*Exercise inputs*.
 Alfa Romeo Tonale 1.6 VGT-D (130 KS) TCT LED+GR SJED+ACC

* * *

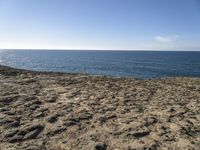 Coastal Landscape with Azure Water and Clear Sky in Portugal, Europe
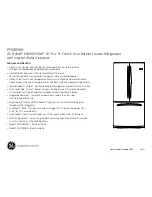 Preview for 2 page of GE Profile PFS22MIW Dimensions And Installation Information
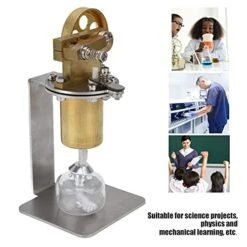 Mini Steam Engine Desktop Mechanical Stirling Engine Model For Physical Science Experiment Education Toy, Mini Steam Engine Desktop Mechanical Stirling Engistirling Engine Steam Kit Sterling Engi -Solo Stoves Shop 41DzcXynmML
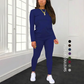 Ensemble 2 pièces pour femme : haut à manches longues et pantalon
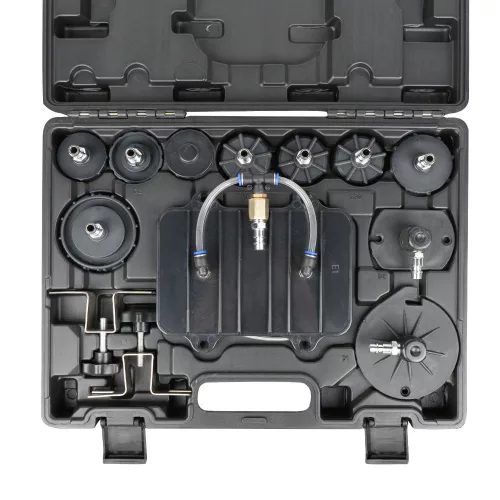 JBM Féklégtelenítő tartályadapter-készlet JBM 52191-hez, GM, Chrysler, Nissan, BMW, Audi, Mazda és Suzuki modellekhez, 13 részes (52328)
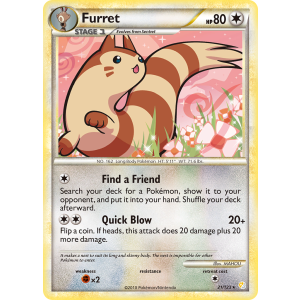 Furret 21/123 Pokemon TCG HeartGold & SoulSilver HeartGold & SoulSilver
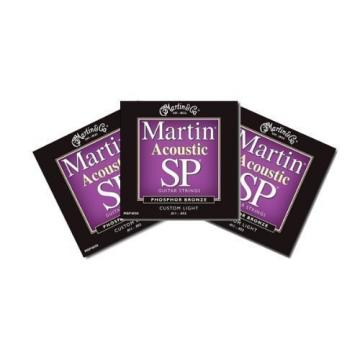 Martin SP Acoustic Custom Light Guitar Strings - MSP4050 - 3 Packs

...

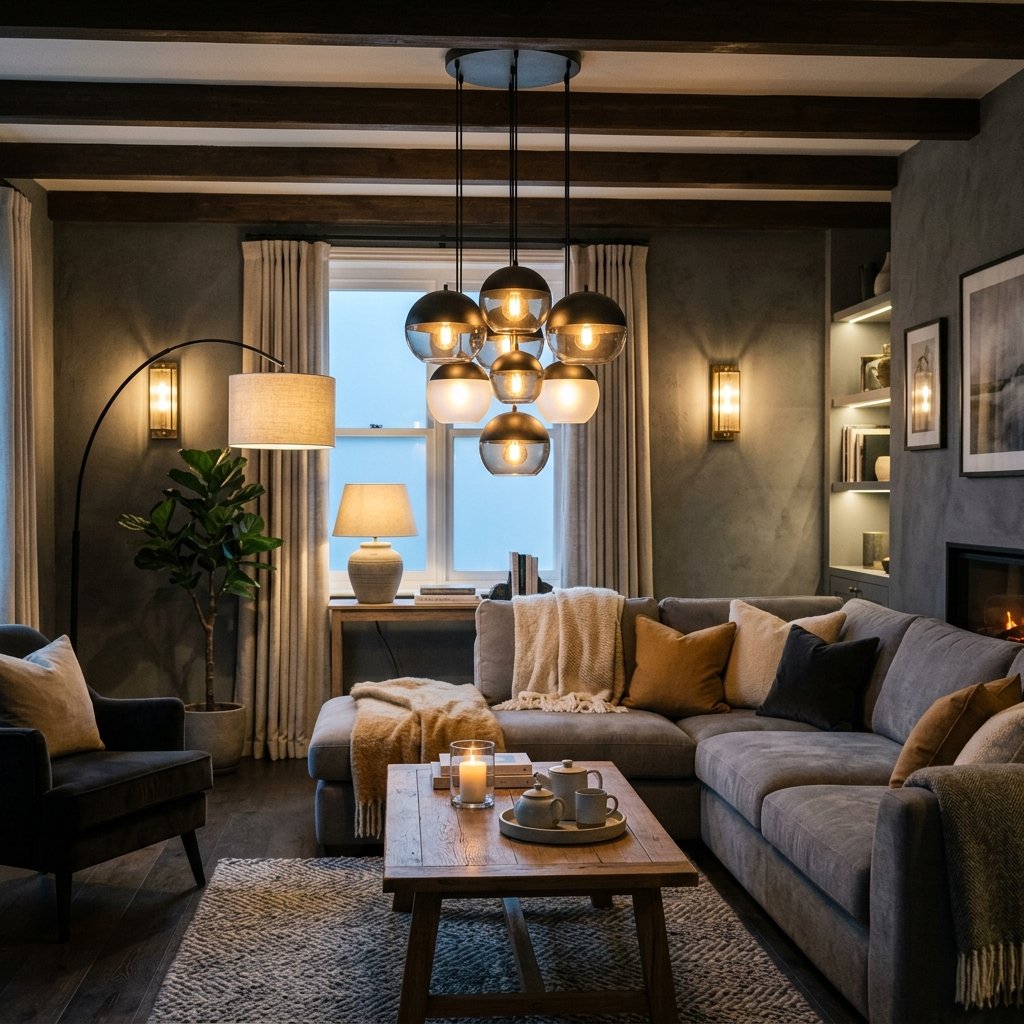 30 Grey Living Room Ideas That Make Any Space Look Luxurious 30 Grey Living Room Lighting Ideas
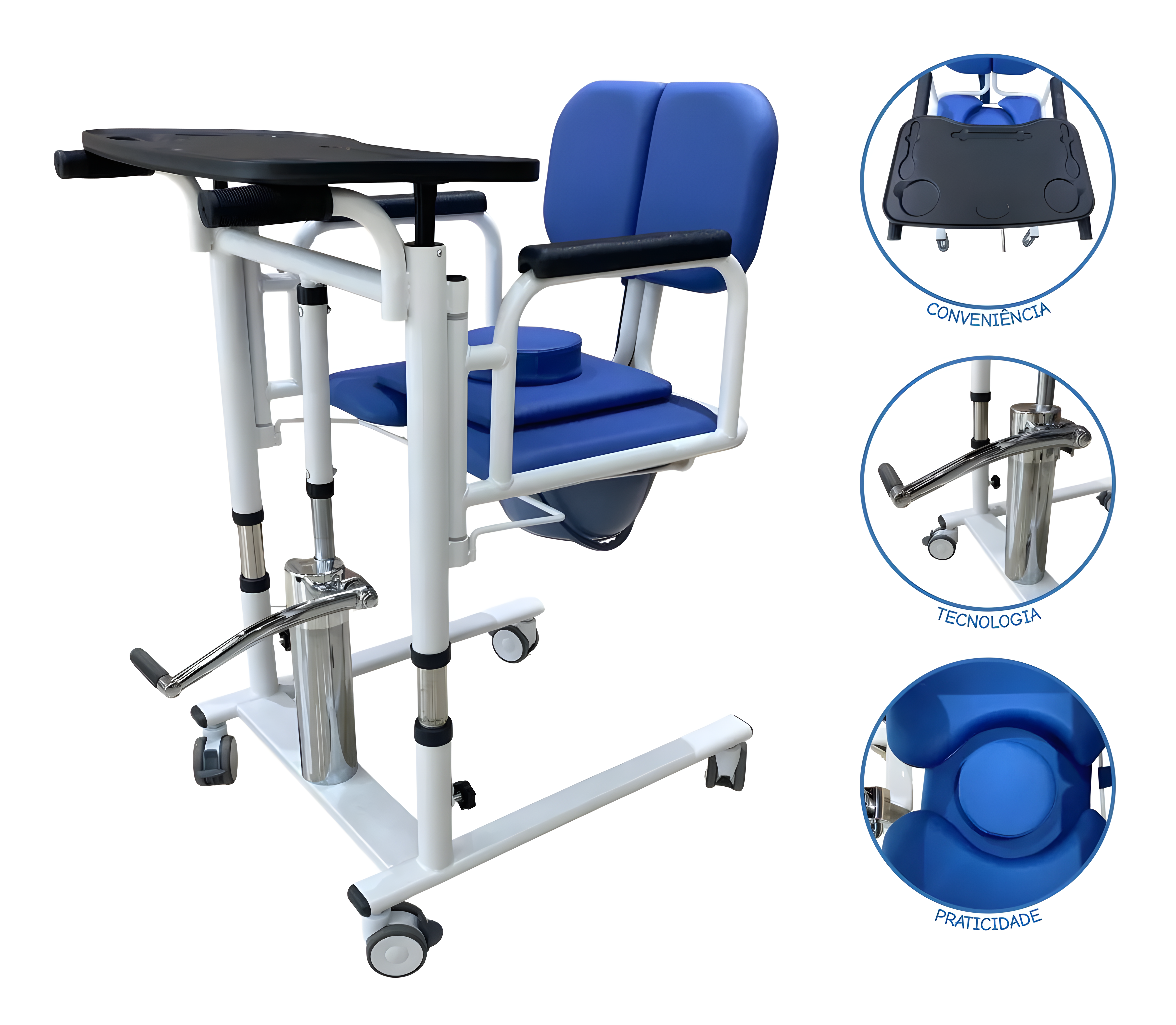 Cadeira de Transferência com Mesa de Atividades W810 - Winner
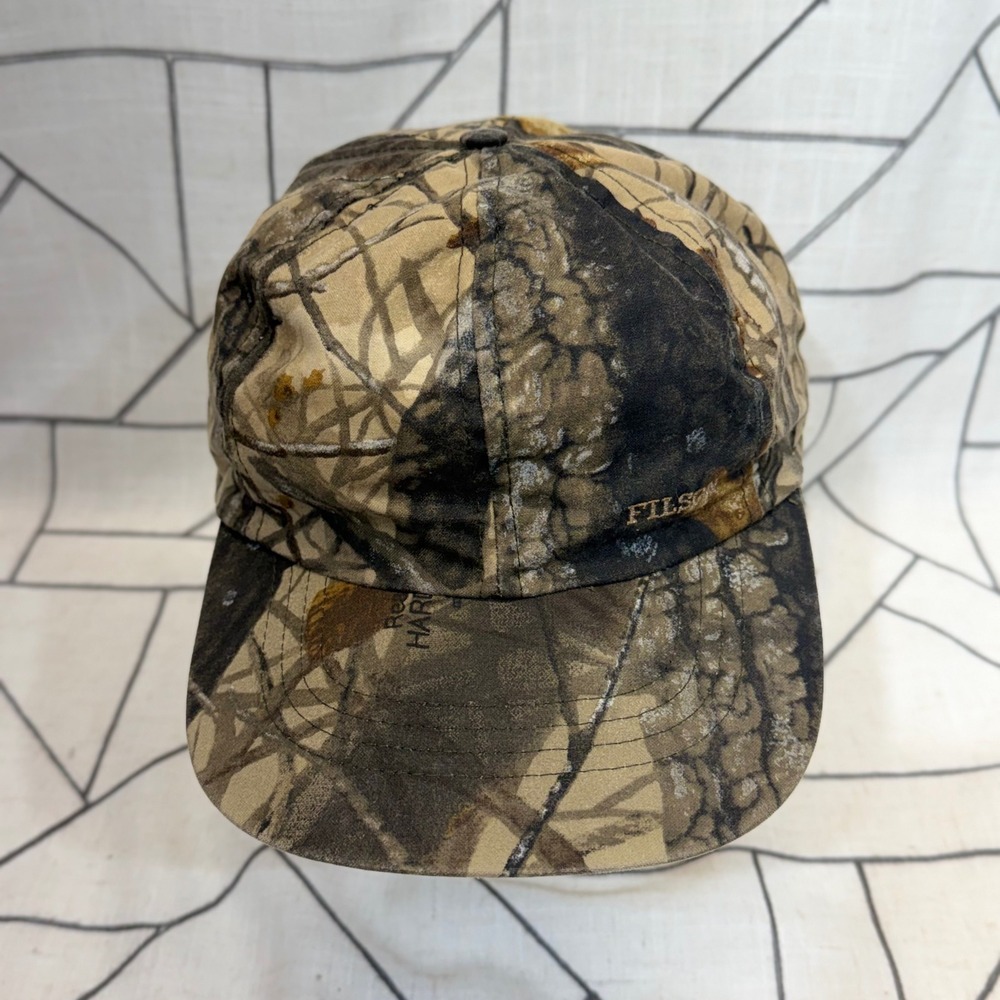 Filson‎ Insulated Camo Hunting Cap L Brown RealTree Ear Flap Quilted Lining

*The task*.
Once the line with "30 Grey Living Room Ideas" is found above, print it and every line after it through the line with "Filson‎ Insulated Camo", exactly. Pictures stay out.

*Answer area*.
 30 Grey Living Room Ideas That Make Any Space Look Luxurious 30 Grey Living Room Lighting Ideas
 Cadeira de Transferência com Mesa de Atividades W810 - Winner
 Filson‎ Insulated Camo Hunting Cap L Brown RealTree Ear Flap Quilted Lining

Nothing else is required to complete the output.